Using sprags to slow a coal skip down - image finglevalleyhistory.com

Horses have better hearing than people, and sometimes it was they who saved the wheeler. At times a pit pony would refuse to enter a working place causing the wheeler no end of trouble trying to get the job done or face the wrath of the miners waiting on the skips. The miners were only paid for how much coal they got out, not the time it took to get it out, so a steady supply of skips was crucial. The wheelers, however, soon learned to trust the horse's instinct as more often than not, there'd be a rock fall in the area that could have cost both their lives. Donald Brisbane had had a few close calls with rock falls in his time, one injuring his foot (South Coast Times 16.2.1901). In those harsh conditions horse and man relied on each other and formed a close bond. During the disaster, some pit ponies helped saved men by guiding them out through the pitch black tunnels, others died alongside them unable to escape the deadly carbon monoxide gas. Some men were anxious to save their horse but to do so would have been certain death. Donald Brisbane made it out alive through an air shaft near the mine manager's residence but his horse did not. When he returned to the pit to look for his mate, all he found was the leg with the horse shoe still attached to the hoof.

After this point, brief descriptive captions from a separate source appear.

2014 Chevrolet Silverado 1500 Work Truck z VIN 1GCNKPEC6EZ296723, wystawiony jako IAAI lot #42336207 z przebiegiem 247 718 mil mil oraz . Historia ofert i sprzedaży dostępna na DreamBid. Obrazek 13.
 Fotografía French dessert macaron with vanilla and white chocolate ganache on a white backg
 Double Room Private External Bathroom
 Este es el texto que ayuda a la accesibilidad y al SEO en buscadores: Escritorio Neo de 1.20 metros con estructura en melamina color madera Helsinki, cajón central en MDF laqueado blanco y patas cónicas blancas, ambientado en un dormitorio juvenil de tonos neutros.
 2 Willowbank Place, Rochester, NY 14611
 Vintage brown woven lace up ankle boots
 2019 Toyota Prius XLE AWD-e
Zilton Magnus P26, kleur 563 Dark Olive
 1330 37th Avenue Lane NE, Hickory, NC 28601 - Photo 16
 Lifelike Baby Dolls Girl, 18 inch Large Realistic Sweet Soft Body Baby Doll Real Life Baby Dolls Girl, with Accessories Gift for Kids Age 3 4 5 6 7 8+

Donald Brisbane was to marry Lizzie, Marian Elizabeth Hemmingson, in 1906 and raise a large family together. He left Kembla Heights to work at North Bulli colliery. Donald died on the 26th of March 1935 in Sydney, aged just 51 years old. The pit pony hoof pincushion remained in his family until it was donated to the Illawarra Museum in 1976.

The 31st of July 1902, remains the blackest day in this mountain's history. It cost the local community 96 of its men and boys, fathers, husbands, sons and brothers, as well as the lives of 18 pit ponies.